[TASK BRIEF]
An exact restatement of the data is required, with the images omitted.

(DATASET SECTION begins)

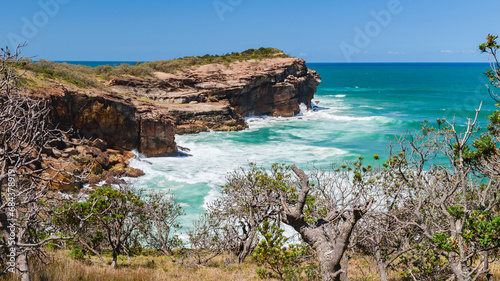 Australian coast, high cliffs on the seashore, seaside landscape with blue water, view from the cliff on a sunny summer day.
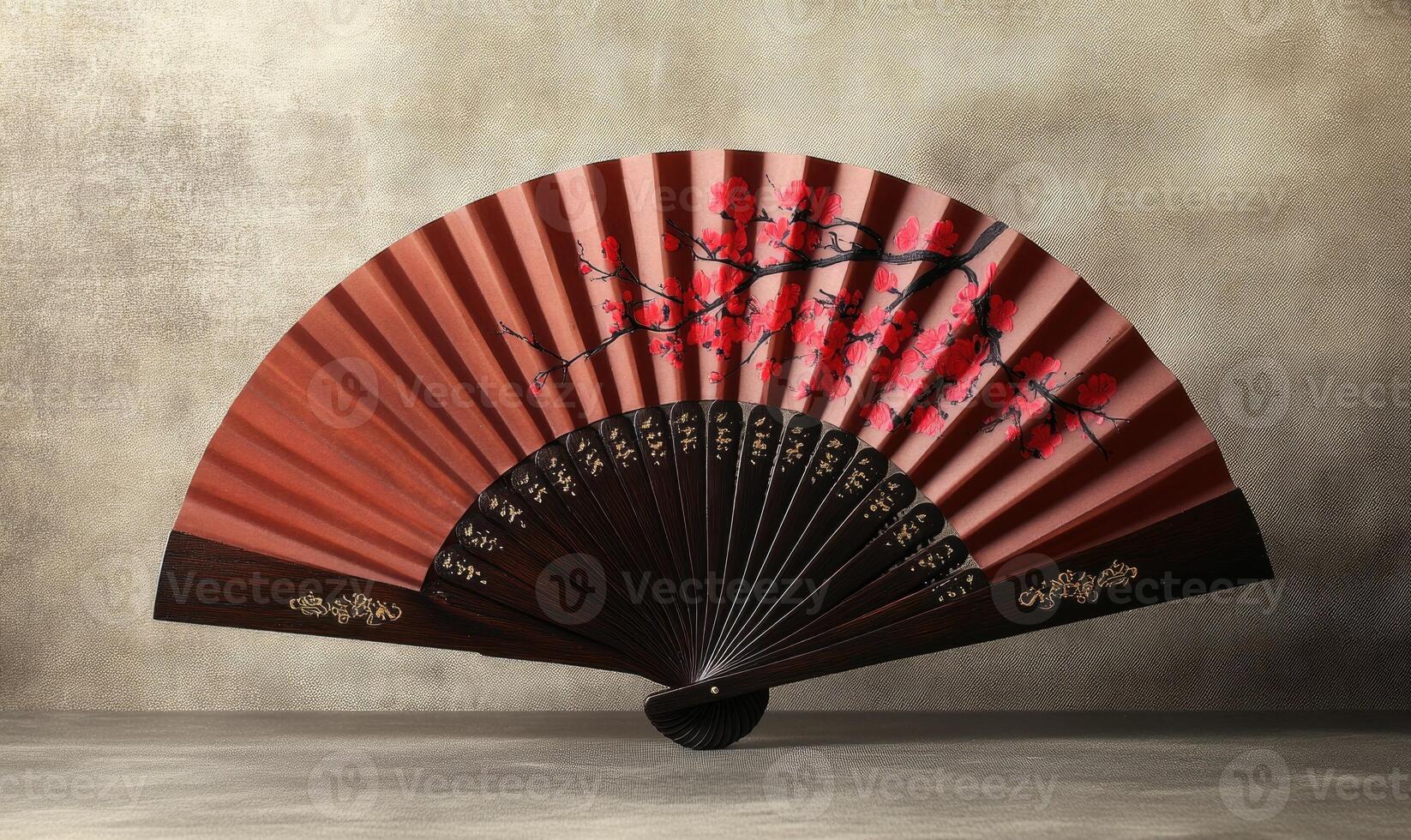 A red and brown fan with a tree design on it photo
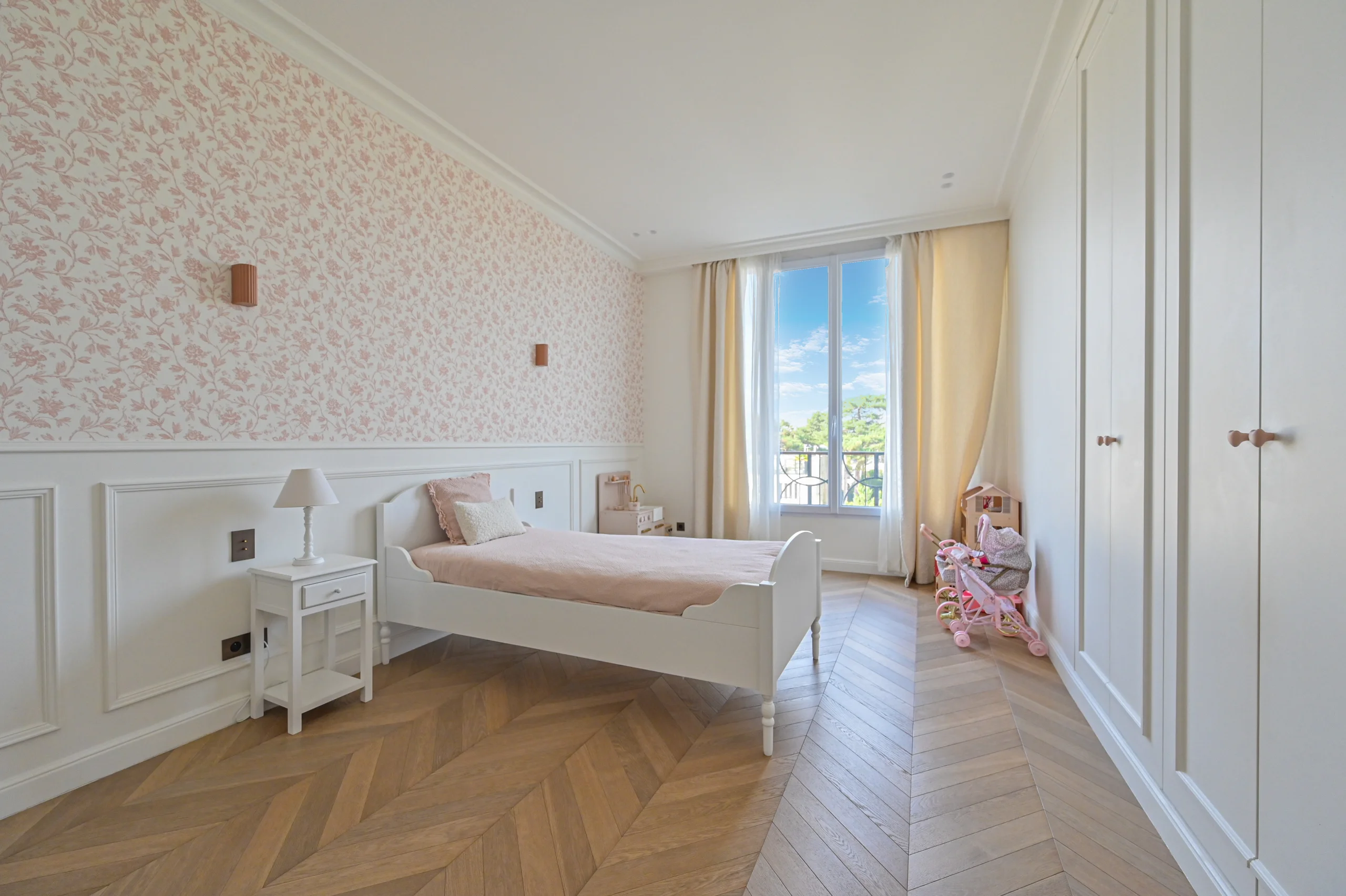 Chambre lumineuse avec parquet chevron, lit blanc, murs rose poudré et accès terrasse ensoleillée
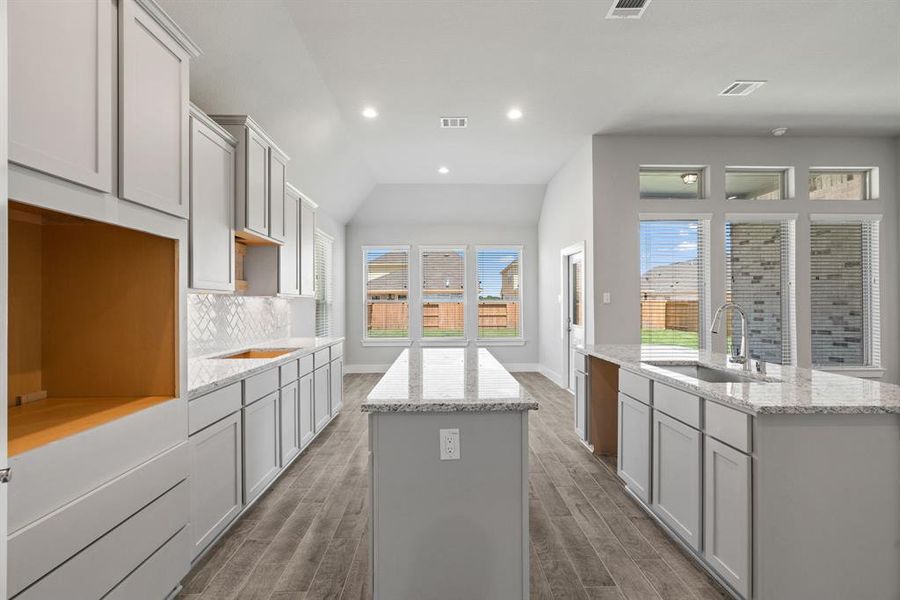 This generously spacious kitchen is a dream realized! Sample photo of completed home with similar floor plan. As-built interior colors and selections may vary.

(DATASET SECTION ends)

[ANSWER BOX]
 Australian coast, high cliffs on the seashore, seaside landscape with blue water, view from the cliff on a sunny summer day.
 A red and brown fan with a tree design on it photo
 Chambre lumineuse avec parquet chevron, lit blanc, murs rose poudré et accès terrasse ensoleillée
 This generously spacious kitchen is a dream realized! Sample photo of completed home with similar floor plan. As-built interior colors and selections may vary.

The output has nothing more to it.